Crawled caption data
>>>

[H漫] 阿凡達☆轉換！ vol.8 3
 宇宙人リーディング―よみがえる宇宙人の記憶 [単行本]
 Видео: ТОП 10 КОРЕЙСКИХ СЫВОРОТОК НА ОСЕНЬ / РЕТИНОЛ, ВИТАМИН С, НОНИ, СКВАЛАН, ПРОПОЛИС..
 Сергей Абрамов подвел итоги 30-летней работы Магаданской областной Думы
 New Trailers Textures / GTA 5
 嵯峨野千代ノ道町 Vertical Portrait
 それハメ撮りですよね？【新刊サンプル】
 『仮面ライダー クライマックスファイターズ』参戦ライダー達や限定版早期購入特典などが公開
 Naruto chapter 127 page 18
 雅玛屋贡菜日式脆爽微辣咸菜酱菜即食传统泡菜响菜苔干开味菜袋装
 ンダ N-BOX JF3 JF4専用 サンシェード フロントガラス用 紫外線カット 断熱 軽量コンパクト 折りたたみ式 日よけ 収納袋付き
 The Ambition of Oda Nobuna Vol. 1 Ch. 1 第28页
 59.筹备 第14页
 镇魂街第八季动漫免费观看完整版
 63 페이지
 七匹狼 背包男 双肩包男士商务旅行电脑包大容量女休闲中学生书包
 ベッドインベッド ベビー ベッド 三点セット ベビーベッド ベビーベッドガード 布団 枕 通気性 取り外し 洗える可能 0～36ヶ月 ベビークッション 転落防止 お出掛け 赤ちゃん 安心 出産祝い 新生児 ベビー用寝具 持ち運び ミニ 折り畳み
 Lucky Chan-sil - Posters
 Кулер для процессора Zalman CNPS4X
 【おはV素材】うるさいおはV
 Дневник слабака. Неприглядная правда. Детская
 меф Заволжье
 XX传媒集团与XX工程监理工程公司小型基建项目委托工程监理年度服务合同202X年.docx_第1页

<<<

Task requirements:
Retype the records above in full. Every word should match.

Response:
[H漫] 阿凡達☆轉換！ vol.8 3
 宇宙人リーディング―よみがえる宇宙人の記憶 [単行本]
 Видео: ТОП 10 КОРЕЙСКИХ СЫВОРОТОК НА ОСЕНЬ / РЕТИНОЛ, ВИТАМИН С, НОНИ, СКВАЛАН, ПРОПОЛИС..
 Сергей Абрамов подвел итоги 30-летней работы Магаданской областной Думы
 New Trailers Textures / GTA 5
 嵯峨野千代ノ道町 Vertical Portrait
 それハメ撮りですよね？【新刊サンプル】
 『仮面ライダー クライマックスファイターズ』参戦ライダー達や限定版早期購入特典などが公開
 Naruto chapter 127 page 18
 雅玛屋贡菜日式脆爽微辣咸菜酱菜即食传统泡菜响菜苔干开味菜袋装
 ンダ N-BOX JF3 JF4専用 サンシェード フロントガラス用 紫外線カット 断熱 軽量コンパクト 折りたたみ式 日よけ 収納袋付き
 The Ambition of Oda Nobuna Vol. 1 Ch. 1 第28页
 59.筹备 第14页
 镇魂街第八季动漫免费观看完整版
 63 페이지
 七匹狼 背包男 双肩包男士商务旅行电脑包大容量女休闲中学生书包
 ベッドインベッド ベビー ベッド 三点セット ベビーベッド ベビーベッドガード 布団 枕 通気性 取り外し 洗える可能 0～36ヶ月 ベビークッション 転落防止 お出掛け 赤ちゃん 安心 出産祝い 新生児 ベビー用寝具 持ち運び ミニ 折り畳み
 Lucky Chan-sil - Posters
 Кулер для процессора Zalman CNPS4X
 【おはV素材】うるさいおはV
 Дневник слабака. Неприглядная правда. Детская
 меф Заволжье
 XX传媒集团与XX工程监理工程公司小型基建项目委托工程监理年度服务合同202X年.docx_第1页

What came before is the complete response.